- Show that \(\sigma(n)\) is \(O(n^2)\) (compare to the sum of all integers).
- Use the formula for the sum of the first \(n\) perfect squares (often encountered in a Transition to Proof course or when first doing definite integrals in Calculus) and the previous exercise to show that the average value of \(\sigma(n)\) is Big Oh of \(n^2\). (This can be loosey-goosey.)
- Find a formula for the average value of the \(u\) and \(N\) functions (up through \(n\)), where \(u(n)=1\) for all \(n\) and \(N(n)=n\) for all \(n\).
- Finish the details of the proof that \(\tau\) is \(O(\sqrt[3]{x})\)
- Show that \(\tau(n)\) is not \(O(1)\). (Hint: that means there is no constant \(C\) such that \(\tau(n)\leq C\) always.)

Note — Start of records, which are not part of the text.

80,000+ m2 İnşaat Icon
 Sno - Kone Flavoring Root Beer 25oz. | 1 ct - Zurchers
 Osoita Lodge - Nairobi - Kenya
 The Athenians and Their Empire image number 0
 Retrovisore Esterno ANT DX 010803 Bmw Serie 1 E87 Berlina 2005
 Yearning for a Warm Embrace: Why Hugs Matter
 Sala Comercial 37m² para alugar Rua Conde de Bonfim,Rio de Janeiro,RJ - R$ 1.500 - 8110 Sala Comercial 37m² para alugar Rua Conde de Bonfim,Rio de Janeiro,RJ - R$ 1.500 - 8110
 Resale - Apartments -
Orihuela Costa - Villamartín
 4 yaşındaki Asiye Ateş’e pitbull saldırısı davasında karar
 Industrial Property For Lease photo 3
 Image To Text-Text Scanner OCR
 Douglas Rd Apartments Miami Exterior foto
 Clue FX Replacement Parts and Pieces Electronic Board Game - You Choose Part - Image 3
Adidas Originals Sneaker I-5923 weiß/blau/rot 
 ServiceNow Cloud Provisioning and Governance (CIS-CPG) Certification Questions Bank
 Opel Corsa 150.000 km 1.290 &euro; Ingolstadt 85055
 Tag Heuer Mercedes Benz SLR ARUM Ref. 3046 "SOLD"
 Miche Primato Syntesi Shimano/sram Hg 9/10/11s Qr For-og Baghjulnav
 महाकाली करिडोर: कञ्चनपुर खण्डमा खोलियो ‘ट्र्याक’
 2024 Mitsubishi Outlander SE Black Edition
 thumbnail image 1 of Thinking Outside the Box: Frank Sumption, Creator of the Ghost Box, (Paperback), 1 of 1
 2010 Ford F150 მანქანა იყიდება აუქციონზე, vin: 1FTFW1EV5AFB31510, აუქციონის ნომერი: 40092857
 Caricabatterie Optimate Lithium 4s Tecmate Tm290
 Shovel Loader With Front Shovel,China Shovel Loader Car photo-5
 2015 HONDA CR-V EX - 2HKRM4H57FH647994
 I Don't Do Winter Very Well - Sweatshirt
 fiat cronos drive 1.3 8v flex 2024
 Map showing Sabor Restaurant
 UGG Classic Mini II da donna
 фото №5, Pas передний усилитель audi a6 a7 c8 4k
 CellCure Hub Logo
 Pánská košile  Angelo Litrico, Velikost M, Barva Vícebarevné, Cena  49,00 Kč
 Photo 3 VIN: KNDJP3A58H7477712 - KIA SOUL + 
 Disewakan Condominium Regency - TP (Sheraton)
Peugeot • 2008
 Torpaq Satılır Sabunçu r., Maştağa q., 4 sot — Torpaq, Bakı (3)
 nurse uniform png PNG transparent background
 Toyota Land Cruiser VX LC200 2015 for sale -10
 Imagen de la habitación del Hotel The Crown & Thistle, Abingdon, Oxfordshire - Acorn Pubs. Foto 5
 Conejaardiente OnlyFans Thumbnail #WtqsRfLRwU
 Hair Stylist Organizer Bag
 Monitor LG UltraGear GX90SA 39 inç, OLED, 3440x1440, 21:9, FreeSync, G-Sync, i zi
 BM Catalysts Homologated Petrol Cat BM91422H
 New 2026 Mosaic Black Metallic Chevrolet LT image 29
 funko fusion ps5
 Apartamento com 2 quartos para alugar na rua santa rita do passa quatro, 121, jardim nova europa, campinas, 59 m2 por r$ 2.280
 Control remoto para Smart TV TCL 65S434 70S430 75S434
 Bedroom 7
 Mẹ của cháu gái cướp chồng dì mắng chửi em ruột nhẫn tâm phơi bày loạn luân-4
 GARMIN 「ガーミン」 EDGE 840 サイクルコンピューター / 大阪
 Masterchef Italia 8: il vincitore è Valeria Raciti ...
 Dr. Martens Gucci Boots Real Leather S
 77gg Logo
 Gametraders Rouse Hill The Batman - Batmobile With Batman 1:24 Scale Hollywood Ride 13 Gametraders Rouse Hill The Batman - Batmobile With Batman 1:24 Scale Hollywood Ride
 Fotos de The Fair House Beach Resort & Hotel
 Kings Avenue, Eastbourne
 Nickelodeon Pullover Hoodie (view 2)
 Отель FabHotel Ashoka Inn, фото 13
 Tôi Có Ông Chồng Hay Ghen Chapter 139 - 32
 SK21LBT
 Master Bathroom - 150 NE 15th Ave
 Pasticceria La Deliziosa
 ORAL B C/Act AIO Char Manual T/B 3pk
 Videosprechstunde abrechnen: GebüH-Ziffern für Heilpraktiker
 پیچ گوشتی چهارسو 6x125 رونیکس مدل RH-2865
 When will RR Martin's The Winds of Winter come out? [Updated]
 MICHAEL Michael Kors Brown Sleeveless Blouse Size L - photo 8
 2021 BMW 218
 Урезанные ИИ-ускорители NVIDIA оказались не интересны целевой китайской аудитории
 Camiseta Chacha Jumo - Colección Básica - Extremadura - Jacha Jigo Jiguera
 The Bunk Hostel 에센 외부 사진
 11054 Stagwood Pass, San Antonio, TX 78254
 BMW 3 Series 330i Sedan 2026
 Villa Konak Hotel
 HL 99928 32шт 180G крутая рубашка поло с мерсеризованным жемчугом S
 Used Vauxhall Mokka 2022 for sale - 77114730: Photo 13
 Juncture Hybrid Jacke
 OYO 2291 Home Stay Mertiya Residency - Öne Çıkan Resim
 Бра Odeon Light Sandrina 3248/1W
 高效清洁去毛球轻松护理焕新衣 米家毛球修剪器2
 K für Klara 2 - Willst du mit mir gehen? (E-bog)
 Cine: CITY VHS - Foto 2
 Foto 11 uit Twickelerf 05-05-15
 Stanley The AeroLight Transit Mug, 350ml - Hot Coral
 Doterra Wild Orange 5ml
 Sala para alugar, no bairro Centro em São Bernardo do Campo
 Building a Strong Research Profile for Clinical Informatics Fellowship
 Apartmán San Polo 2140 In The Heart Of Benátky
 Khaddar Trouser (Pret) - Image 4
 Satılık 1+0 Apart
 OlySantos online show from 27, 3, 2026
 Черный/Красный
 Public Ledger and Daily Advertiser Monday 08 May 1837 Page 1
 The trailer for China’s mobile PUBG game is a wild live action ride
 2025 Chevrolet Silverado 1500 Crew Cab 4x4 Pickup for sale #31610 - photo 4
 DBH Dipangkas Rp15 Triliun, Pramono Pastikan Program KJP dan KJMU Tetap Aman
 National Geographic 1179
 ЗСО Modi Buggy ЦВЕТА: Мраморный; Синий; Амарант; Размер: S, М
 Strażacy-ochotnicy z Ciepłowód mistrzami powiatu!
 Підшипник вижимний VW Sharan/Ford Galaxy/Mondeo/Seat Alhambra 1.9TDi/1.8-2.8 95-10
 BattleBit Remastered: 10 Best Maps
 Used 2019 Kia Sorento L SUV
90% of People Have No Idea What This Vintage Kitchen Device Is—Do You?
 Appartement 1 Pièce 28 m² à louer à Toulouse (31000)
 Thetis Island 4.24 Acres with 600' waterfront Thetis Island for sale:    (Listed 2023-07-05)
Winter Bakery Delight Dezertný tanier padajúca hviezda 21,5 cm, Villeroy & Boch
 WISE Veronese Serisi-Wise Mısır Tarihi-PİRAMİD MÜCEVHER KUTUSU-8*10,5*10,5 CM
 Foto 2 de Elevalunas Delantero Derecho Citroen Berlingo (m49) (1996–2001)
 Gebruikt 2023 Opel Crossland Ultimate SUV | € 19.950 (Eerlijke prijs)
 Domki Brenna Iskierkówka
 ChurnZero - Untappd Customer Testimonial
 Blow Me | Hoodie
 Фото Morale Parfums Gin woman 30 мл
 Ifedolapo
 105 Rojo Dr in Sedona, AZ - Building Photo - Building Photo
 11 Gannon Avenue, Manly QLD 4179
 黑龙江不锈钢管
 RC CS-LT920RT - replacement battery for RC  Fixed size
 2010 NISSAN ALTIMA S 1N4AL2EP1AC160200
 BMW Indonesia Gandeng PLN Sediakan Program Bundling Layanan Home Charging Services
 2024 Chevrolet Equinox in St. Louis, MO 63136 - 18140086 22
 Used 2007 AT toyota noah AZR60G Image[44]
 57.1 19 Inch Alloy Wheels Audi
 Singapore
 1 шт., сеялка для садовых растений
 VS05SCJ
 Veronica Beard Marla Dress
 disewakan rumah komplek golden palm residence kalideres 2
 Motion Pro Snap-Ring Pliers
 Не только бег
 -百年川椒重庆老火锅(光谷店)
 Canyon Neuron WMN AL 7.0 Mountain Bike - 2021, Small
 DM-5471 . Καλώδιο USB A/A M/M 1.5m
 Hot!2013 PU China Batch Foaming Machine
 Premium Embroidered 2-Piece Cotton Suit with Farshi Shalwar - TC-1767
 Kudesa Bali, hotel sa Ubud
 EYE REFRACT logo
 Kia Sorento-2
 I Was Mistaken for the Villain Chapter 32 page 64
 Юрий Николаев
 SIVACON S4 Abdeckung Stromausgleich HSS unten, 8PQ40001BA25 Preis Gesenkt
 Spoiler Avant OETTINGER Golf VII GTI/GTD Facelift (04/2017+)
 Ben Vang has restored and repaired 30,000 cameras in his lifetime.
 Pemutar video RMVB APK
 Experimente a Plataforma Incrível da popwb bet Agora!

- Why would it not contradict our theorem above that \(\frac{1}{n}\sum_{k=1}^n\tau(k)=O(\ln(n))\) to say that \(\tau(n)\) is not \(O(\ln(n))\)?
- Show that \(\tau(n)\) is not \(O(\ln(n))\). (Hint: look at numbers of the form \(6^k\), and compare \(\tau\) of these to any given multiple of the natural logarithm using calculus.)
- Find absolute bounds for \(\phi(n)\) (simple polynomial or log formulas in terms of \(n\)).
- Use data, graphs, whatever to conjecture what type of growth the average value of \(\phi\) has up to \(n\). Is it logarithmic, linear, quadratic, exponential, something else? Bonus if you find a coefficient for the growth!